Rome has been city incredibly dense with art and history. Luckly i had a great professor in Architecture History so I can spot a Leonardo Di Caprio , or a Benini when I see one.
The hills and streets of Rome had me intersecting with the four small blocks of the Jewish Ghetto more than a few times. There's a Synagogue and a few restaurants that specialize in the famous Artichoke Ghetto Style (whole fried that blooms like a crispy delicious flower). I learned that the Jews in Rome were here before the Diaspora so they're not refugees from anywhere, but they were herded around the city into ever smaller neighborhoods by Pope after Pope. I may have forgotten to mention that people have been asking me questions in Italian all month. I look Italian I guess with my beard and my (ahem) ethnic nose. And in the Ghetto when I would talk to someone they would offer me a wish for a happy Passover not even asking if I was a Jew! Dang! One very friendly shop keeper in a pretty hip chothes store called "McQueen, all clothes and sneakers from 1972" offered me a happy Passover saying, "I say to you Pasach because you are Jewish and there is a speciala feelinga between us!" And if I were searching for a way to sum things up which I would never do because summaries leave out all that was wonderful and awful, but if I was I would say that a "speciala feelinga between us," is how I would describe my time in Italy. The pleasure was all mine.
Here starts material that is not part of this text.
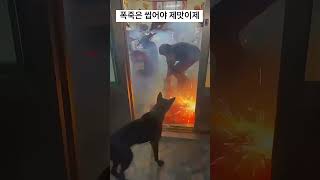 익스트림 매니아 댕댕이의 폭죽놀이 동물 유머 강아지 fireworks dog funny funnydog [upl. by Aryad1]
Traveling in Italy was like sinking your teeth in to a perfectly ripe peach; it just gets all over you and satisfies you only like something sweet, simple, and perfect can.
I'm a big fan of the Stats so lets go to the big board and ring it all up:
8. # of countries traveled. (Czech Rep, Slovacia, Hungary, Serbia, Bosnia & Herzgovenia, Croatia, Slovenia, Italy.
21 # of cities
7 # of items lost (2 umbrellas, favorite wool hat, camera case, camera lens filter, DL, flashlight)
17 # of Gelatos
70 # of coffees
22 # of rolls of film
8 # of train rides
14 # of bottels of wine
113 # of bowling score in Krumlov, Czech
4 # of pizzas in Naples
1 # of times I overpaid a taxi driver
0 # of thefts
4 # laundry loads
59 # days abroad
I hope that anyone readind this has had half as much fun as I did writing it. Get to Italy before too long! And in the words of the late Pope Giovani Paulo II, "Don't let the door knob hit ya' where the Good Lord split ya'!"